The Federal Energy Regulatory Commission (FERC) has clarified for California how the state can encourage development of new electricity generation resources in a way that does not conflict with federal laws and regulations.
FERC further clarified for the California Public Utilities Commission (CPUC) and the state's three investor-owned utilities its July order that outlined how the state could implement its feed-in tariff (FIT).
California adopted a FIT by enacting the California Waste Heat and Carbon Emissions Reduction Act.

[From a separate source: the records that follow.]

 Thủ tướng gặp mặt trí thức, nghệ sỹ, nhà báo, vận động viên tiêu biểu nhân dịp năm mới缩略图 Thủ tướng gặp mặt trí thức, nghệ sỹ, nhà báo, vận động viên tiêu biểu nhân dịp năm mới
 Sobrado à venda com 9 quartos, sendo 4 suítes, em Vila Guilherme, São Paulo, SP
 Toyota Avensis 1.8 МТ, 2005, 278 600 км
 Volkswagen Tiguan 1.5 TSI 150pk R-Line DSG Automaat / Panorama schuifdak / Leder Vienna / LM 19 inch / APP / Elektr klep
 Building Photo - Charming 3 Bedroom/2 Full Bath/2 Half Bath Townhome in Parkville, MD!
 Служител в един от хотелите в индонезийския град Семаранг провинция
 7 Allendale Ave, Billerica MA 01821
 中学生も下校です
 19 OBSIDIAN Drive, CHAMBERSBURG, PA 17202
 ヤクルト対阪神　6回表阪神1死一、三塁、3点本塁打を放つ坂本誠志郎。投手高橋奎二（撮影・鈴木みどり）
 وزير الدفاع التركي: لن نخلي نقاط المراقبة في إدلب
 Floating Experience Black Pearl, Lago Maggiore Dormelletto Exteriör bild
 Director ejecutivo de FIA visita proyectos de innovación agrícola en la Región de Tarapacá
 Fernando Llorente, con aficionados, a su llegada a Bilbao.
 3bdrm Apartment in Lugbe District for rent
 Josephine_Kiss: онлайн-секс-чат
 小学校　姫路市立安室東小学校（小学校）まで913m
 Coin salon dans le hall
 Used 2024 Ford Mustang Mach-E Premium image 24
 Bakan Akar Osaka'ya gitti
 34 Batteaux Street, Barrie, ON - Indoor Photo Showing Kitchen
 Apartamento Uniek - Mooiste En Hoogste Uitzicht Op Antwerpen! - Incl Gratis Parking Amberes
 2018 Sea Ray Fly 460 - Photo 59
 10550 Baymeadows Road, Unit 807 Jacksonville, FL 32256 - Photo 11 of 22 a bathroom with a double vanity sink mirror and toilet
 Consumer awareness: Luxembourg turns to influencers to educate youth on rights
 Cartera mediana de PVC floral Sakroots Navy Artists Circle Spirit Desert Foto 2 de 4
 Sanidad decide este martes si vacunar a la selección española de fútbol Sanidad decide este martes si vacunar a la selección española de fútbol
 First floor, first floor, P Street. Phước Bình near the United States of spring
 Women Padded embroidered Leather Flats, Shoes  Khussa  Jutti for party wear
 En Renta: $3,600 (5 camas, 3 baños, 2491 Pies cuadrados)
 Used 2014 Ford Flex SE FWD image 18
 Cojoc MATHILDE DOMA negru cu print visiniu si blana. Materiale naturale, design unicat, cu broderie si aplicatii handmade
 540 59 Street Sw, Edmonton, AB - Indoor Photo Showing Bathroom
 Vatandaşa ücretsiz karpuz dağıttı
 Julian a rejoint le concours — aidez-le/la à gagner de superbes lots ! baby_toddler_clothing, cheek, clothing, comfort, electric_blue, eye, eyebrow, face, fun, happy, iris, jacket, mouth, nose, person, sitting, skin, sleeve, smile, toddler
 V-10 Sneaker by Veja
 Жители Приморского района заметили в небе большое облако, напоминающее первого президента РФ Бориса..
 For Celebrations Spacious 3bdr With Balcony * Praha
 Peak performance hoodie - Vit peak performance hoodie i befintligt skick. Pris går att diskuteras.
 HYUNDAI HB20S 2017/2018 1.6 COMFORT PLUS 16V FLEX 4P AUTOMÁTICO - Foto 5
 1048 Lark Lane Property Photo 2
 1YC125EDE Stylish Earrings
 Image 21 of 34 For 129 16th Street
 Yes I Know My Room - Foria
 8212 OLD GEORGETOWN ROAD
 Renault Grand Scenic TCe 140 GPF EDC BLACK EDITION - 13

That state law requires investor-owned electric utilities to purchase, at a price set by the CPUC, electricity generated by eligible combined heat and power generators.
In the ruling, FERC says a proposal to employ a multi-tiered resource approach for determining avoided costs – which would set different levels of avoided costs and, thus, different avoided-cost rate caps for different types of resources – could comply with the Public Utility Regulatory Policies Act and FERC regulations.
The FIT Coalition, a California-based group that advocates adoption of FITs, applauded the ruling, saying that FERC has provided a clear legal roadmap to apply worldwide best practices to state-level FIT design.
‘With national clean energy policy stalled, the states must be allowed to move forward with programs that boost local renewable sources,’ says James Woolsey, former director of the CIA and a member of the FIT Coalition board of advisors. ‘The FERC has taken a major step here in allowing states to realize the tremendous economic and environmental benefits of feed-in tariffs.’
The FERC order also clarifies that states have full authority to include the value of renewable energy certificates within the compensation paid to clean energy generators. States thus have complete flexibility to set FIT prices at precisely the level needed to attract private investment in clean energy.